Edit the key HKEY_LOCAL_MACHINE->SYSTEM->CurrentControlSet->Services->Samhain->Parameters to add a string value named 'AppParameters', with the value '--forever'.

[Rainer Wichmann].

Also see http://support.microsoft.com/kb/q137890/ for information regarding the creation of a user-defined service.

Note: the first time I tried to install samhain as an NT service, I first installed a default Cygwin on the system. This however made things much more complex. I think when there is no Cygwin installed, it is more easy to install Samhain as a service.

Troubleshooting samhain

[Rainer Wichmann] I had some problems at first getting it to run as a Windows service. Some tips:

Running samhain from a pure DOS shell (outside the Cygwin environment) helps to identify problems, in particular if it refuses to start as a Windows service.
I found it neccessary to put the cygwin1.dll DLL into the same directory as the samhain.exe executable.
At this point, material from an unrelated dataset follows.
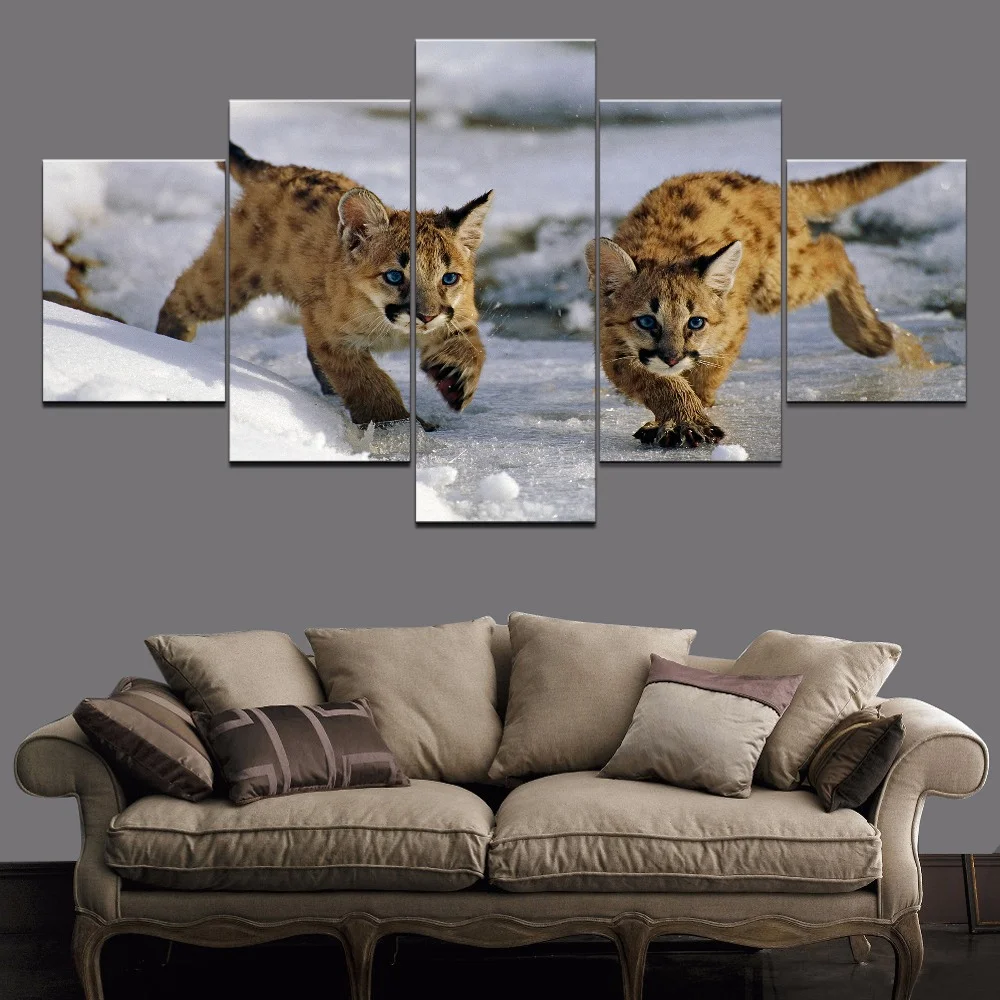 5 Piece HD Print Animal Paintings Wall Art Artwork Animal Cougar Home Decor Modern Wall Decor Canvas Painting Canvas Room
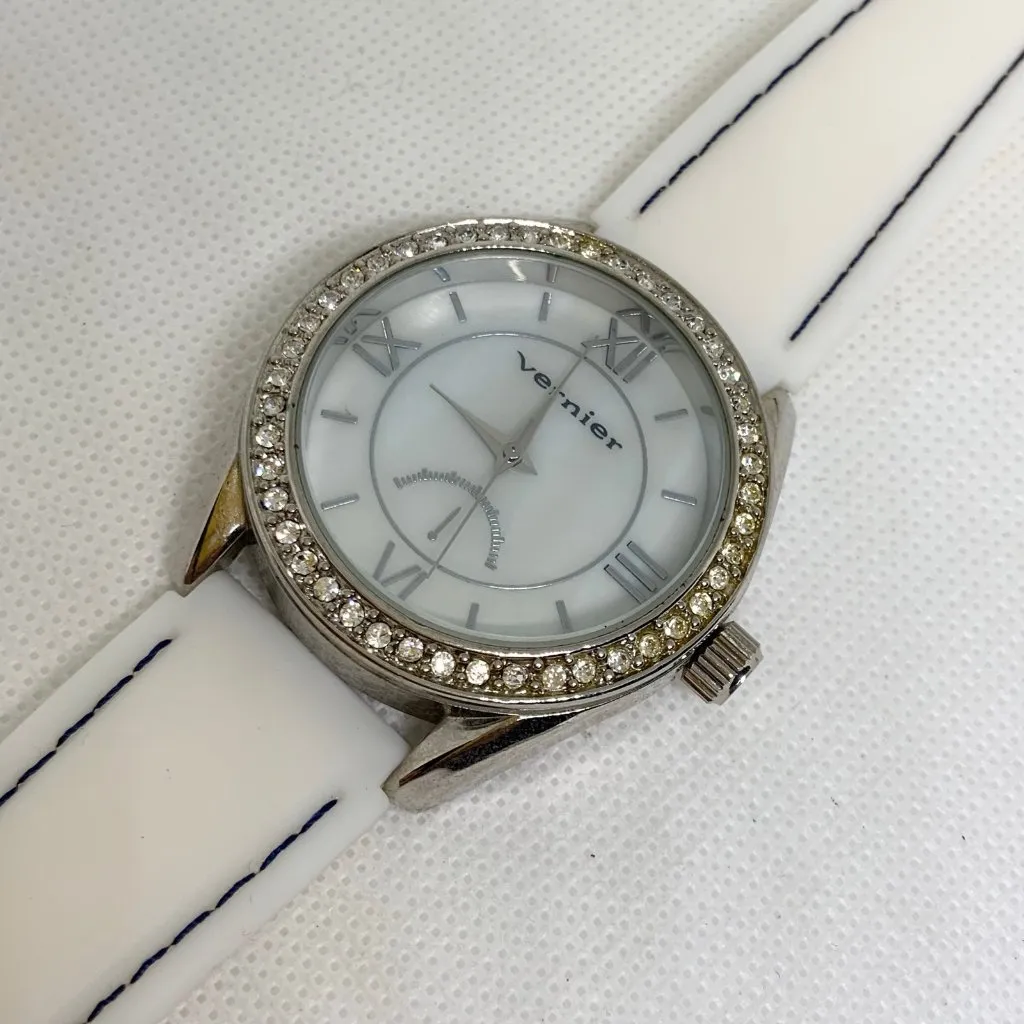 Vernier women’s watch silver tone rhinestones 40mm quartz analog Roman running - Image 2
Also, you can use the command ldd ./samhain.exe to identify further Cygwin-specific DLL that may be required (if any).
Also, I found it neccessary to use Cygwin-style paths (/cygdrive/c/...) in the './configure ..' command when compiling samhain.
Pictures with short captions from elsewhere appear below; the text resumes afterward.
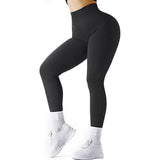 High Waist Seamless Leggings Threaded Knitted Fitness Pants-Black-9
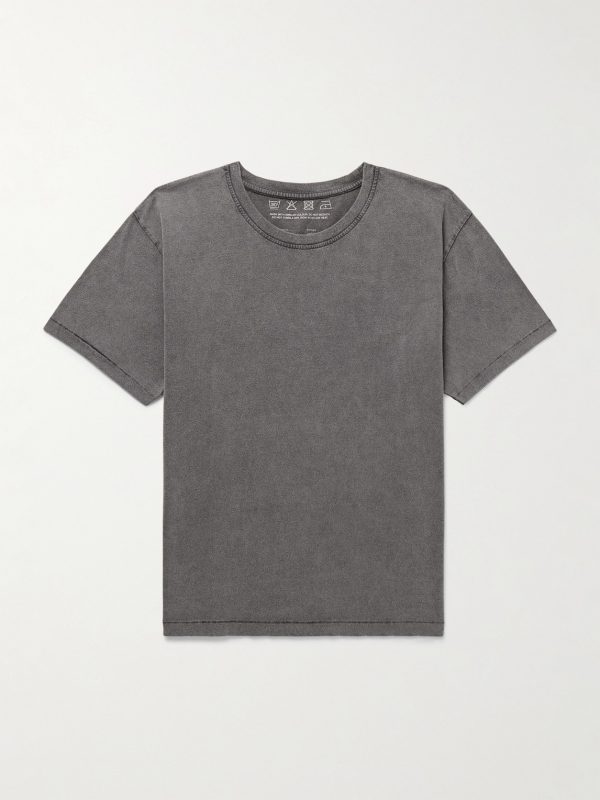 New Garment-Dyed Brushed Organic Cotton-Jersey T-Shirt New Garment-Dyed Brushed Organic Cotton-Jersey T-Shirt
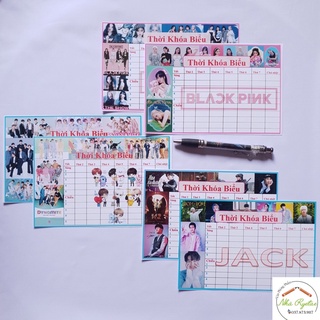 Thời khoá biểu idol bts/ blackpink/ jack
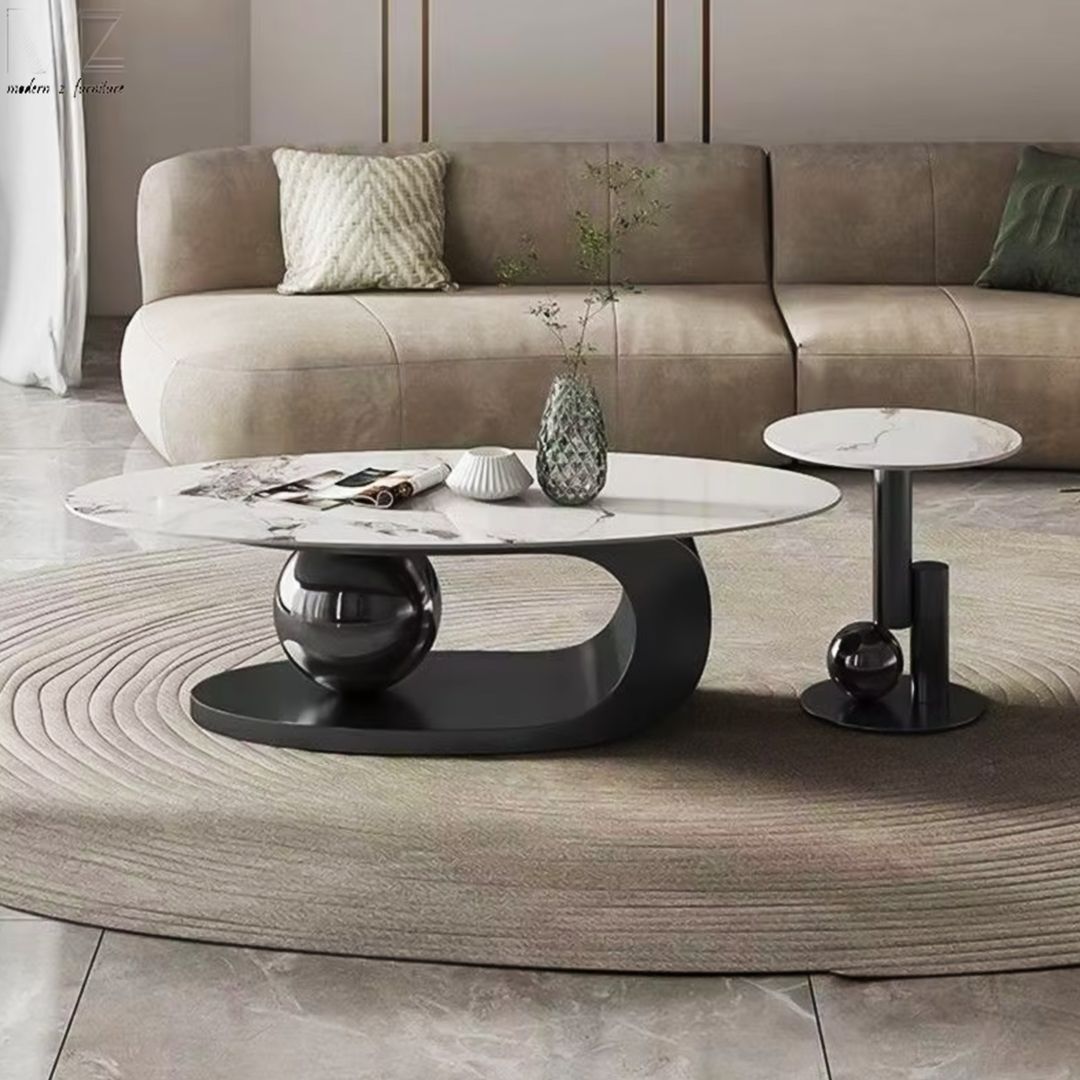 طقم طاولات وسط بيضاوية بتصميم فاخر - 1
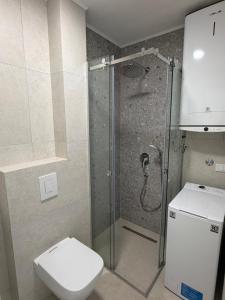 ein Badezimmer mit Dusche und Toilette in der Unterkunft Olive Nest in Mrčevac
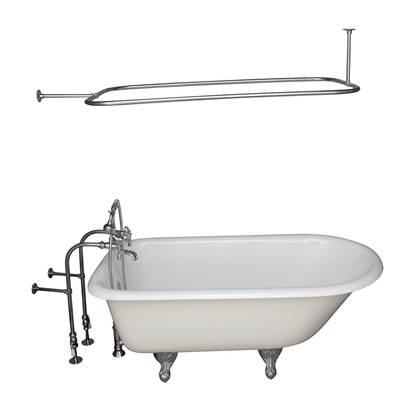 Tub Kit 55'' CI Roll Top Filler Shwr Rd, Supplies, Drain-Chrm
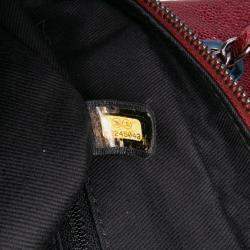 Pre Owned Chanel Red Medium Quilted Caviar Easy Flap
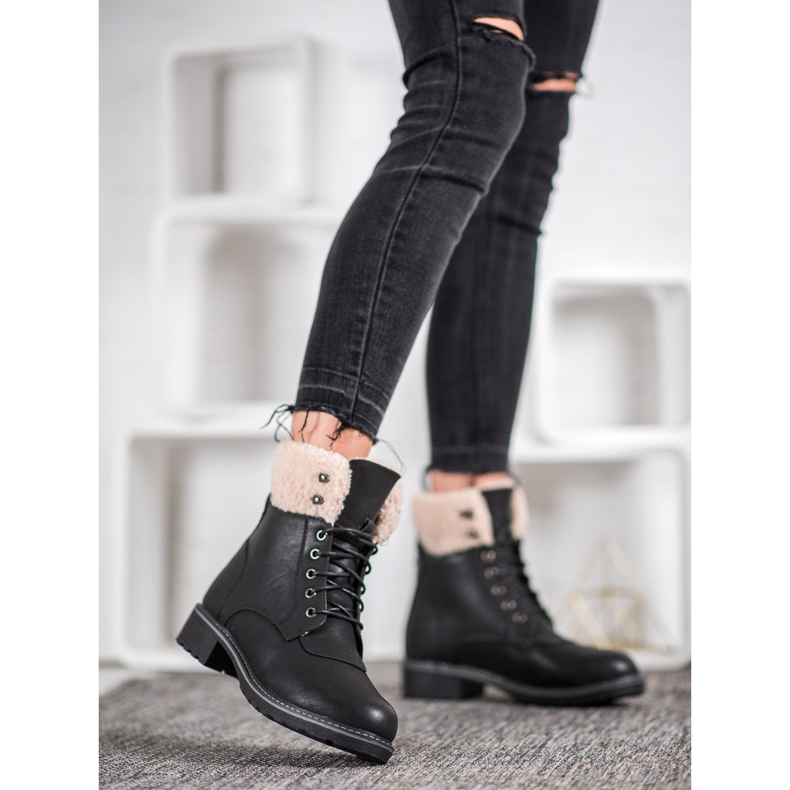 SHELOVET Trappeurs avec peau de mouton le noir 1 SHELOVET Trappeurs avec peau de mouton le noir 1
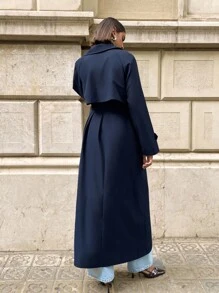 Aloruh 女士休闲纯色翻领腰带加长海军蓝秋冬风衣 - 藏蓝色 - 查看 7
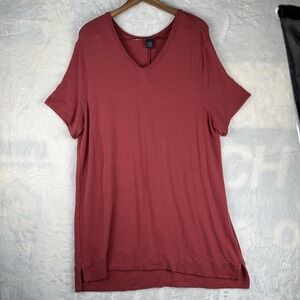 Adrianna Papell Shirt Top Womens XXL Red Sand Long Tail Solid Rayon Beachy Tunic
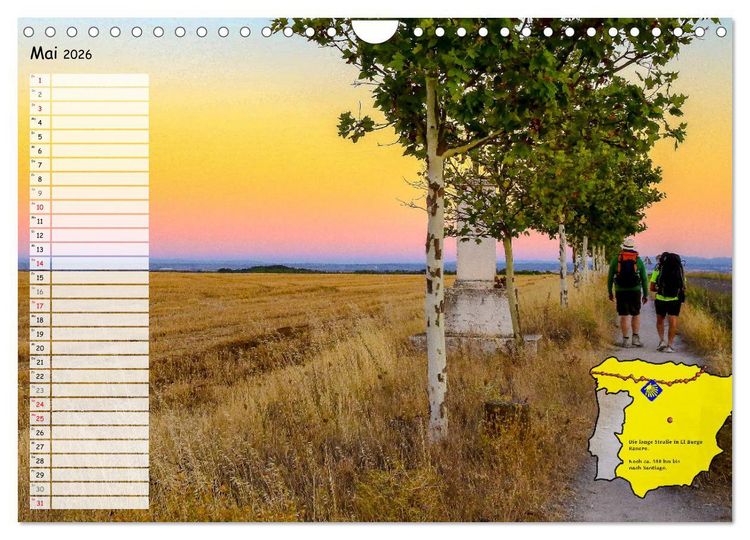 Produktbild: Der Jakobsweg von seinen sch&ouml;nsten Seiten! (Wandkalender 2026 DIN A4 quer), CALVENDO Monatskalender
[Tip from Jorge Morgado] If you, like me, have a Windows server not part of any domain and (for security reasons) you even turn off DNS resolution, you might probably get the following error when initializing the baseline database:

  ---------   sh_unix.c  ---   1487 ---------
  According to uname, your nodename is yourcomputername, but your resolver
  library cannot resolve this nodename to a FQDN.
  Rather, it resolves this to yourcomputername.
  For more information, see the entry about self-resolving under
  'Most frequently' in the FAQ that you will find in the docs/ subdirectory
  ----------------------------------------------

To fix this problem open the Registry Editor and create the following entries under the key HKLM\System\CurrentControlSet\Services\Tcpip\Parameters

Name: Domain Type: REG_SZ Data: your.domain.name

Name: NV Domain Type: REG_SZ Data: your.domain.name

The NV Domain registry value contains the computer's primary DNS suffix while the Domain registry value contains the computer's primary DNS domain. This will make the warning message go away.